In addition to the familiar September–December, there were two more numerically named months before they were renamed in early imperial era: Quintilis and Sextilis.
These should definitely go to your slots 5 and 6.
In English you could call these Quintile and Sextile.
You seem to have slightly misanalyzed the ending.
What you add to the end of a number is not -ember but -ber.
This is an easy mistake to make, as three of the four usual month numbers (septem, octo, novem, decem) end in -em.
The key observation is that we have October, not Octember.
It appears that the numbers 7–10 get the ending -ber to the cardinal number, whereas 5–6 get the ending -ilis to the (stem of the) ordinal number.
That is, Quin(c)tilis and Sextilis seem to be based on quintus and sextus, not quinque and sex.
So, there are two attested ways to produce month names from numbers.
To me it sounds more natural to use the ordinal one for the first months:
- primus > Primilis
- secundus/alter > Secundilis/Altrilis
- tertius > Tertilis (somehow Tertiilis sounds unnatural)
- quartus > Quartilis
Tertilis and Quartilis (or Tertile and Quartile in English) sound quite natural to me, but the first two less so.

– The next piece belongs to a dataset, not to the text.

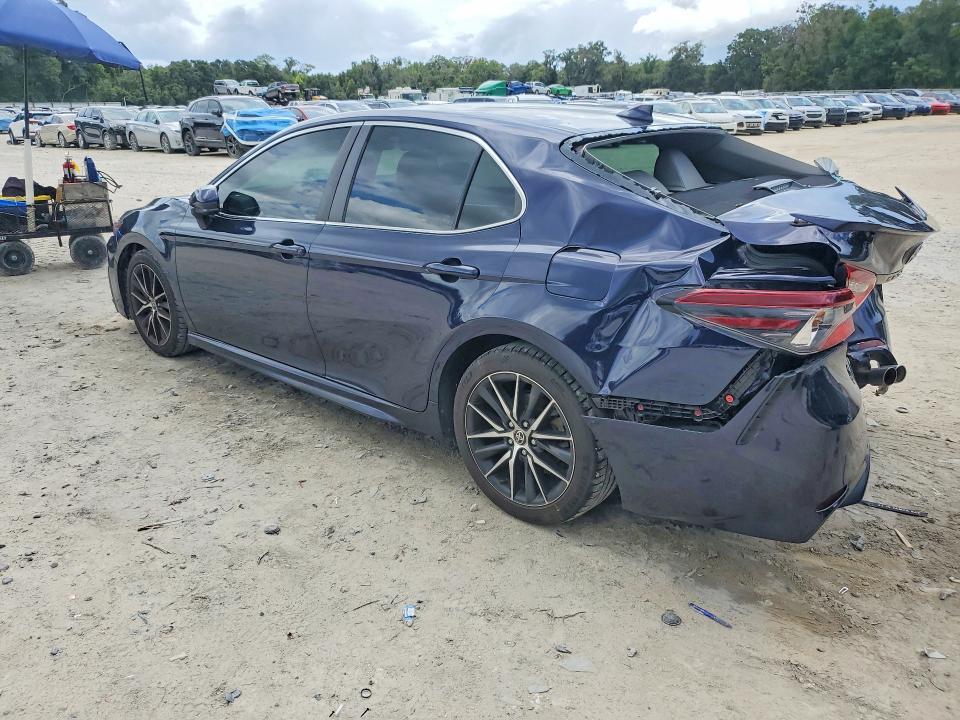 2021 TOYOTA CAMRY SE — Фото 2 из 12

However, they feel more understandable and Latin to me than the ones you proposed.
With this pattern the first half of the year has -ilis, the second half has -ber.

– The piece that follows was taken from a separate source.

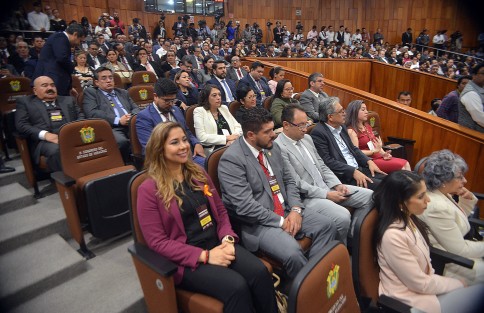 Gabinete del gobernador Cuitláhuac García estuvo presente durante su comparecencia ante el Congreso. El mandatario estatal salió en defensa de varios de ellos, aunque revisará las inconformidades de los diputados con ellos.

I find no way around the somewhat clumsy Undecember and Duodecember.
As Draconis points out in another answer, the Latin numbers 11 and 12 are undecim and duodecim, so maybe you could change the month names to Undecimber and Duodecimber.
However, it would not be unreasonable to keep the -e- by analogy in the English versions.
I don't know whether adding -ber in Latin would change the vowel or whether later developments in English would naturally lead to a vowel change, but this is just a minor detail.
One practical benefit of the -i- is that it sets the eleventh and twelfth month apart from December.
The names undecimber and duodecimber are used for the thirteenth and fourteenth month in some contexts, such as computing.
An option worth serious consideration is having the year start in March instead of January.
This is what the Roman calendar did, and this is why the names are off by two.
This would have the benefit of the months names aligning with the ones already in use.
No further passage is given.